Mrs. Frisby and the Rats of NIMH
Mrs. Frisby is a widowed field mouse with four children. One spring she has an awful decision to make. The farmer decides to work his fields early, meaning her family must move immediately, or be killed. But her youngest son, Timothy, is terribly sick and cannot be moved. Mrs. Frisby goes to consult with various wise animals, none of which have a solution. Finally, she visits the strange rats living under the rosebush, and the answer they come up with together is dangerous, but brilliant. There are two sequels, but O'Brien's daughter, Jane Leslie Conly, wrote them.
The Golden Compass (aka Northern Lights)
Lyra Belacqua is a 12-year-old girl living in an alternate world very similar to Earth. Her life is carefree and happy until her best friend, Roger, disappears. He seems to be the latest victim of the Gobblers, a mysterious group who are blamed for the kidnapping of children far and wide. But before Lyra can do anything about it, her uncle, the powerful Lord Asriel, leaves her in the care of a friend so that he can go on a journey. Read along to find out what happens to Lyra, Roger, and Asriel, because you'd never be able to guess on your own!

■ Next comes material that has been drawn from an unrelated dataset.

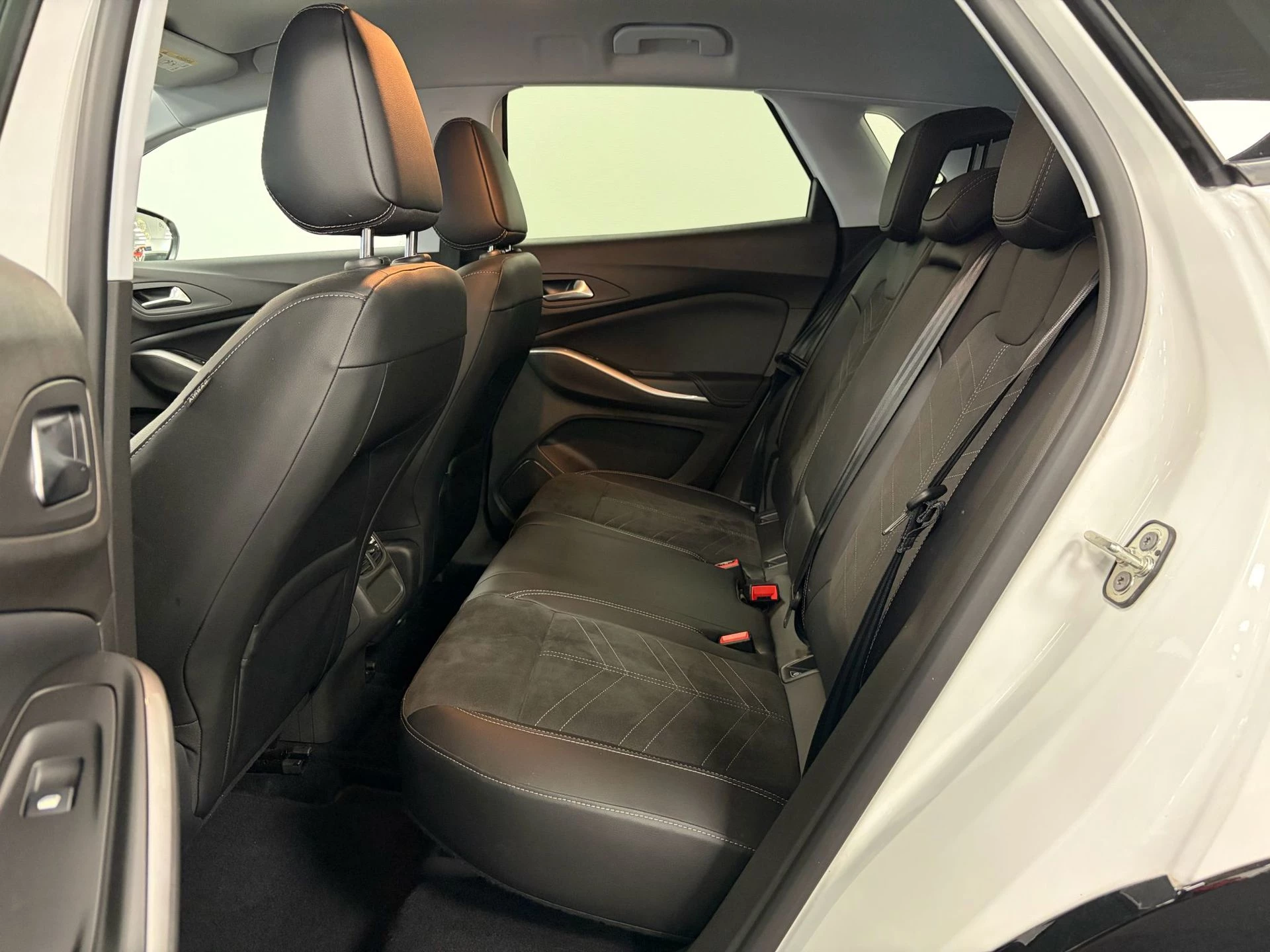 Hoofdafbeelding Opel Grandland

Harry Potter and the Sorcerer's Stone
The first book of the Harry Potter series is a fun, fast read, but not entirely a cheerful one. Harry was orphaned when he was a year old, and his aunt and uncle have taken him in--unfortunately, they don't like him very much. He suffers their insults and mistreatment until the age of 12, when strange people begin taking an interest in his education. Harry spends the next year trying to come to terms with himself, his abilities, and the other people like him, but it won't be easy. Danger and adventure seem to follow Harry whether he likes it or not! As the series goes on, the story gets more mature, but Amazon.com recommends this first volume for ages 9-12.
The Bad Beginning
The Baudelaire children have rather miserable lives. Their parents died in a fire, and so they were shipped off to their nearest relative, Count Olaf, who treats them like slaves. After this, things only continue to get worse. Many people are concerned about the appropriateness of this extremely popular series because of its dark themes, but depending on the particular reader, this may or may not be true. The Baudelaire children are resourceful, and determined to overcome any obstacle. Much of their trouble is melodramatic, even laughable. And a lot of the book is written in a sarcastic tone. The humor is very dark, so perhaps more sensitive and younger children might prefer something else. However, many fans of Harry Potter will enjoy the "more realistic" grim situations to the usual cheerful kiddie fare. The movie based on the series will incorporate the first three books in this series.
Before Frodo and company ever left the Shire, Bilbo had an adventure of his own. He was a well-to-do, respected hobbit with a comfortable, quiet life in the countryside. Then Gandalf showed up, bringing with him a most alarming band of dwarves and an outrageous proposal. What happens next sets the stage for the War of the Ring. Follow Bilbo and his friends as they battle spiders and trolls, escape several captures, and confront a greedy dragon.